Ticks collected from the Lawrence Township Recreational Park were found to be infected at an abnormally high rate, according to DEP Secretary Patrick McDonnell.

In Pennsylvania, the Deer Tick Virus is transmitted relatively fast by the bite of an infected tick, and the health consequences […] are more severe than other tick-borne infections that are often encountered in the state.

What is the source of the Deer Tick Virus’s spread?
As a result of increased humidity and temperatures, tick numbers and ranges are expanding, which will certainly lead to an increase in the number of people who get infected. Meanwhile, greater urbanisation in the United States is contributing to a rise in the number of deer and mouse populations, which the insects prey on.

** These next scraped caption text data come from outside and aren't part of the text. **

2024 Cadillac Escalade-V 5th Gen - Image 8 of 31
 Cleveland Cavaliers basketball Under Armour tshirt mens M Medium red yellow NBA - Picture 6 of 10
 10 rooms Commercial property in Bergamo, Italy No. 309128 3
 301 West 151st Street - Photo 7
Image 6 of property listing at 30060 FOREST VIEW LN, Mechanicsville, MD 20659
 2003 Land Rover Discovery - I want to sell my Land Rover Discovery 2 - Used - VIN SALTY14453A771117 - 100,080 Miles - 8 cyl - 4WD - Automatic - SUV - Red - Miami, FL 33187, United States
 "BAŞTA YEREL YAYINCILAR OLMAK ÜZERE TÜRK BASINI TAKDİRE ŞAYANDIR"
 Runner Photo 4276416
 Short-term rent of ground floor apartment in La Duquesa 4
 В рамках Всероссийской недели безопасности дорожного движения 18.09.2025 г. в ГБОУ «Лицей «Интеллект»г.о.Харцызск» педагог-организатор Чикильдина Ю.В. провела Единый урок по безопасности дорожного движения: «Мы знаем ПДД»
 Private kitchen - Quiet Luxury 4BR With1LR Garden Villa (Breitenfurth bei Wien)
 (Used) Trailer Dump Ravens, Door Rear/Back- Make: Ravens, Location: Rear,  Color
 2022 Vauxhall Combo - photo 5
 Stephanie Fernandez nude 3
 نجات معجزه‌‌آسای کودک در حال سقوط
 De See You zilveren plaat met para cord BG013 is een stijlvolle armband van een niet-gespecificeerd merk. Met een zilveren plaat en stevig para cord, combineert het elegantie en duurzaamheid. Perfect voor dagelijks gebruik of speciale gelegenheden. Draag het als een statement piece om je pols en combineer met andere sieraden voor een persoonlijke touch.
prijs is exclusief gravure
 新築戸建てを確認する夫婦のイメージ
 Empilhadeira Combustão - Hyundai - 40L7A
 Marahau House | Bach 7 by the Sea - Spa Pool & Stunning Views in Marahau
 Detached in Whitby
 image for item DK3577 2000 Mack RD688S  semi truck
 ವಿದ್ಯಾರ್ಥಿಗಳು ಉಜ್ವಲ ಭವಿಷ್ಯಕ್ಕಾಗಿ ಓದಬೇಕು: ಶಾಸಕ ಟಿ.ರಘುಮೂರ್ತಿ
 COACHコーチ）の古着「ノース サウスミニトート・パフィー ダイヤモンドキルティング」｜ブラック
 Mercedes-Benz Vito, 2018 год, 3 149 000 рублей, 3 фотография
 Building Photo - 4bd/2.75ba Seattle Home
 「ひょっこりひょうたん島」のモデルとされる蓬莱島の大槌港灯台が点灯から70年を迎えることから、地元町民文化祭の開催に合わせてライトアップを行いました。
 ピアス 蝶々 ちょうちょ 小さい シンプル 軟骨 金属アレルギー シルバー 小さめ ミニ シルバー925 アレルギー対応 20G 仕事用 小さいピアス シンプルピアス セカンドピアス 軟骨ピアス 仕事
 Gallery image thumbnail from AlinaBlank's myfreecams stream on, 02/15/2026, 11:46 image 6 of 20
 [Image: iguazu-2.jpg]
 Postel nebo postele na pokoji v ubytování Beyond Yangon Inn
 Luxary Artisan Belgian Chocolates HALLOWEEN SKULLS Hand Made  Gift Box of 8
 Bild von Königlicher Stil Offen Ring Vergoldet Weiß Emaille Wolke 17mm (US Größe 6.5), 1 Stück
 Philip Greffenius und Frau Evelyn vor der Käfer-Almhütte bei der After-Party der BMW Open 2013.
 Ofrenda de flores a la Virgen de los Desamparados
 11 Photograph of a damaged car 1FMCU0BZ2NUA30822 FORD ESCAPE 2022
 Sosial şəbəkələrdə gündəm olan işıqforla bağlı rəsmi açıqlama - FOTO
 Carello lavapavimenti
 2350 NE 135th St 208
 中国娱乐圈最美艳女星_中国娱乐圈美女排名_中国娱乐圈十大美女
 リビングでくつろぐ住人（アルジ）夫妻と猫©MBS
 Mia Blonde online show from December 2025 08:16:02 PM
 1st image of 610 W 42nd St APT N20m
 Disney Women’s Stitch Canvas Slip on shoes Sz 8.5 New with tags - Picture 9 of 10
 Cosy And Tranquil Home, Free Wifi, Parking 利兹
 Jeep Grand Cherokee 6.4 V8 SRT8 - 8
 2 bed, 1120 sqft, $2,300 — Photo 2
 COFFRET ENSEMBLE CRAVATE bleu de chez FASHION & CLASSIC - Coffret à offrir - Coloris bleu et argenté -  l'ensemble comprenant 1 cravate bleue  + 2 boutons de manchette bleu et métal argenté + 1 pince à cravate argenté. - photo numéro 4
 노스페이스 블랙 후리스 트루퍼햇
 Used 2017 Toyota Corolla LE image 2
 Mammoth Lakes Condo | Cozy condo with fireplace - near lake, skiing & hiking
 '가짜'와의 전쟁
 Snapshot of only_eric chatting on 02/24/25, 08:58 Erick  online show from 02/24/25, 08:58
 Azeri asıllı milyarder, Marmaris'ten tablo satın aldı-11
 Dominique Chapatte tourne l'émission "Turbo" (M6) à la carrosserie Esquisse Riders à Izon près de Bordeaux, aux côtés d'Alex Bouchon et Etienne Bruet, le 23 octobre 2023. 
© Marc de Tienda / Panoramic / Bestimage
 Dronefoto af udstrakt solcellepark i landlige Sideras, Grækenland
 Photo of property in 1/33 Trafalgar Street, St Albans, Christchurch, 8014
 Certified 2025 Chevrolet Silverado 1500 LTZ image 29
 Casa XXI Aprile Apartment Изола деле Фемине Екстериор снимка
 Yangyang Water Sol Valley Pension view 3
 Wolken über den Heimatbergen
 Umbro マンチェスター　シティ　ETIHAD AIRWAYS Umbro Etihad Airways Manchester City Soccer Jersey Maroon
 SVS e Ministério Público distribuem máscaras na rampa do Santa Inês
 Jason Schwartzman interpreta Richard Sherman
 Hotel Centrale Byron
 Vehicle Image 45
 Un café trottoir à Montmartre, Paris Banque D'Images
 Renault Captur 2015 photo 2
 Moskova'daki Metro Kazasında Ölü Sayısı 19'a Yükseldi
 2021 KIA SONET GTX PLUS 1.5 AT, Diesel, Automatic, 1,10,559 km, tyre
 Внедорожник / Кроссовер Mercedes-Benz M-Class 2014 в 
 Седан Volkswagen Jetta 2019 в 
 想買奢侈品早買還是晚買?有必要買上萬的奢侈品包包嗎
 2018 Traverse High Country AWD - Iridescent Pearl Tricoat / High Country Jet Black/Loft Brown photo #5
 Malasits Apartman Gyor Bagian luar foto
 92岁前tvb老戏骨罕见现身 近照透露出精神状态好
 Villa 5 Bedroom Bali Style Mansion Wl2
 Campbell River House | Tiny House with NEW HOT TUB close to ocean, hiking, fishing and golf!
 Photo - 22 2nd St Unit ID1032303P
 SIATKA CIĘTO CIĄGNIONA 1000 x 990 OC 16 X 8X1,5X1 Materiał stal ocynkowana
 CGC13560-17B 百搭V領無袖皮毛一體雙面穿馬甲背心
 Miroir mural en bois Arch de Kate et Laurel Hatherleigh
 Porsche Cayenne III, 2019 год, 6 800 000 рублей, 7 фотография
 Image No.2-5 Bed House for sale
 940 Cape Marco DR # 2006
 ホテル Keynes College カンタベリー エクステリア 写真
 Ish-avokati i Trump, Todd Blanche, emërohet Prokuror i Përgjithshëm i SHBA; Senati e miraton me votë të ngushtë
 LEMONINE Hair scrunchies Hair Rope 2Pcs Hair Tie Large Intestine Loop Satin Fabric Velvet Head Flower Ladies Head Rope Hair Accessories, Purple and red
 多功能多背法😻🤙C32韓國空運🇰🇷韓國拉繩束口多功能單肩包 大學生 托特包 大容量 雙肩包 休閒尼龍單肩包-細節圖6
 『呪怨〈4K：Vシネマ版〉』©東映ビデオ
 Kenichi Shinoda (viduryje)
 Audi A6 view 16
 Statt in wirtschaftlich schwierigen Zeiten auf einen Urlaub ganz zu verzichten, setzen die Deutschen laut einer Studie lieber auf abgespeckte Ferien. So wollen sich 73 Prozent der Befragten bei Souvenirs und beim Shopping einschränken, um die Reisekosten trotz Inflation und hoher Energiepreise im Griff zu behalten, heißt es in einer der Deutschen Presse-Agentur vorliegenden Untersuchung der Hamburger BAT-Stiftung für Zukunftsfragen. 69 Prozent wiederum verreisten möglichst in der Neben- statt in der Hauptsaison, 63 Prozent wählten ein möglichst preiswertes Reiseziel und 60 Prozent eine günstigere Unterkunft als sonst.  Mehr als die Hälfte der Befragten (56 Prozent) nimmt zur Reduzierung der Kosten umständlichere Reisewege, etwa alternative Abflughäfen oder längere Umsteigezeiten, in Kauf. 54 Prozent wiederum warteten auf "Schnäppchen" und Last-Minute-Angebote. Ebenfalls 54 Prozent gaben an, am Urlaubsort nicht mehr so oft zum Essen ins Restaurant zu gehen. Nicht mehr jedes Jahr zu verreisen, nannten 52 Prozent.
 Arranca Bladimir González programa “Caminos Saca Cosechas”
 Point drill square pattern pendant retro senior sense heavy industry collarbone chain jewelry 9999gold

It should be noted that the virus is a Powassan virus, making it a relative of the dengue, West Nile, and Zika viruses. These Deer Tick Viruses are transmitted to humans primarily through the bite of so-called black-legged or deer ticks, which are found in the Midwest United States and southeastern Canadian provinces.

Coughing, sneezing, or physical contact do not transfer the illness from person to person, as is the case with Coronavirus.

The signs and symptoms of the Deer Tick Virus
The following are some of the earliest signs and symptoms of Deer Tick Virus, which may occur as fast as 15 minutes after a tick bite:

fever \sheadache
vomiting \sweakness
Despite the fact that it is fairly rare for folks to have no symptoms at all.

However, according to the Centers for Illness Control and Prevention in the United States, 90 percent of patients who have been treated for Deer Tick Virus go on to develop severe neuroinvasive disease and may have encephalitis or meningitis, both of which are diseases of the brain (CDC).

Confusion, coordination issues, and other severe symptoms are common.
Seizures accompanied with difficulties speaking
Approximately 12 percent of patients die as a result of this severe illness, with half of the remaining patients suffering from long-term health consequences as a result.

However, there are now no vaccinations available to prevent the transmission of Powassan illnesses such as the Deer Tick Virus, nor are there any medications available to properly treat them.